Uyarı: Özümleme bir nevi genelleme (davranışçı kuramcılara göre) iken Uyumsama ayırt etme (davranışçı kuramcılara göre) dir. Mesela;

zebrayı çizgili eşek olarak algılamak özümleme (bir nevi genelleme), iken zebra ile eşek arasındaki farklılıkları fark edip ayrı bir şema kurmak uyumsama (bir nevi ayırt etme) dır.

(10)

GELİŞİM PSİKOLOJİSİ III. ÜNİTE – BİLİŞSEL (ZİHİNSEL) GELİŞİM

3.1.3. Piaget’in Bilişsel Gelişim Dönemleri 1. Duyusal motor (hareket) dönemi (0–2 yaş) - Bebek duyarak, hissederek, yaparak, yaşayarak

yani duyu ve motor becerilerini kullanarak dış dünyayı tanır, öğrenmesini yapar ve çevreye uyum sağlar. Bebeğin dünyayı tanımasında ve öğrenmesinde taklit (gözlem) ve deneme- yanılma olmak üzere iki öğrenme yolu vardır.

- Bütün bebekler doğuştan bazı refleksler (emme, yakalama) ile dünyaya gelirler. Bu refleksler, bebeğin çevresine uyum sağlamasına yardım eder. Yani bebeğin davranışlarını refleksler yönlendirir. Fakat bebek, biyolojik olarak olgunlaştıkça ve yaşantı kazandıkça refleksler değişikliğe uğrayarak çoğu ortadan kalkar ve çevreye uyum sağlamada yerlerini 6-8. aylarda bilinçli (amaçlı) davranışlara bırakır. Yani refleksli davranışlardan amaçlı davranışlara geçiş gerçekleşir. Bu sürece bağlı olarak nesnelerin devamlılığı, devresel tepkiler, taklit ve ertelenmiş taklit gibi düşünme biçimleri kazanılır.

- Doğadan Ayrışma: Bebek en başlarda kendisini doğadan ve çevresindeki nesnelerden ayırt edemez. Varlığın ve yokluğun bilincinde değildir.

Zamanla (yaklaşık 8. ayla başlar) kendi benliğinin ve diğer varlıkların farkına varır ve kendini dış dünyadan ve nesnelerden ayırt eder.

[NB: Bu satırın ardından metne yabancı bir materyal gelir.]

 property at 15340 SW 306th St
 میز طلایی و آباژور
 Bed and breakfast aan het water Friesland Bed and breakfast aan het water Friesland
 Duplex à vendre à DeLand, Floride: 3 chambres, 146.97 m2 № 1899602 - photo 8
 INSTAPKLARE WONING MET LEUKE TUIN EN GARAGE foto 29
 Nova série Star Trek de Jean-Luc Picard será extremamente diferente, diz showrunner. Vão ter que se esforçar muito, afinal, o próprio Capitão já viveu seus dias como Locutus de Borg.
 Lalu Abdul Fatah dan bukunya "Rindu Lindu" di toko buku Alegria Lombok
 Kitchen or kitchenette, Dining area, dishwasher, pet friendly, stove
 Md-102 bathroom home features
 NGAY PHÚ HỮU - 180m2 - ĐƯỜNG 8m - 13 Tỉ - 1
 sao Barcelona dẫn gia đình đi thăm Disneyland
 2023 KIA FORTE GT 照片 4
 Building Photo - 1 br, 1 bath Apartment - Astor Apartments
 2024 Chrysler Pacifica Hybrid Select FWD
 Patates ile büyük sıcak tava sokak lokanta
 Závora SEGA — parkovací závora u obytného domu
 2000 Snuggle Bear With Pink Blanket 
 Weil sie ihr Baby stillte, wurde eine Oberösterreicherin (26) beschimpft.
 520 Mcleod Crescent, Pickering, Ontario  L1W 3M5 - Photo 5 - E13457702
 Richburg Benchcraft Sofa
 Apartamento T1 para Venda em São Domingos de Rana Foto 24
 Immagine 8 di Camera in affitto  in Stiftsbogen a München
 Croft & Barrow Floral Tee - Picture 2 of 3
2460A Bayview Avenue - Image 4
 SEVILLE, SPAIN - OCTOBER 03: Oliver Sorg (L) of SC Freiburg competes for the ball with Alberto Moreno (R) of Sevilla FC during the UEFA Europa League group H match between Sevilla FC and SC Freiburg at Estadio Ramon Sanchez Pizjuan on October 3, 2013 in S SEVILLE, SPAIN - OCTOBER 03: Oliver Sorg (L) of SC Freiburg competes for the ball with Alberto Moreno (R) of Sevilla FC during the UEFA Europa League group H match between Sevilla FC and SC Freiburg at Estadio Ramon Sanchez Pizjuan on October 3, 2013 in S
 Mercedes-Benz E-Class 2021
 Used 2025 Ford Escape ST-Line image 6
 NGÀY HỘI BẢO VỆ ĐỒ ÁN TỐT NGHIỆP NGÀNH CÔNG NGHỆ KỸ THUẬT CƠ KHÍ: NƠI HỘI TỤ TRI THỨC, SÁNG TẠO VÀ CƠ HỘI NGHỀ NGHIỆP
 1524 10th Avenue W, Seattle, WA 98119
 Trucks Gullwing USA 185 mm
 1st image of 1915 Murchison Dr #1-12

- 0-8 ay arasında ses bulaşması söz konusudur. Ses bulaşması (buluşması) bebeklerin, çevrelerinde bulunan başka bebeklerin ağlamalarını duyduklarında bu durumu hoş olmayan tedirginlik verici bir durum olarak algılamaları ve ağlamaya başlamalarıdır. Sebebi bebek kendi sesi ile diğer bebeklerin sesini ayırt edememesidir (yani bebek kendini dış dünyadan ayıramaz). Ses bulaşması en basit taklit ve öğrenme yaşantısıdır.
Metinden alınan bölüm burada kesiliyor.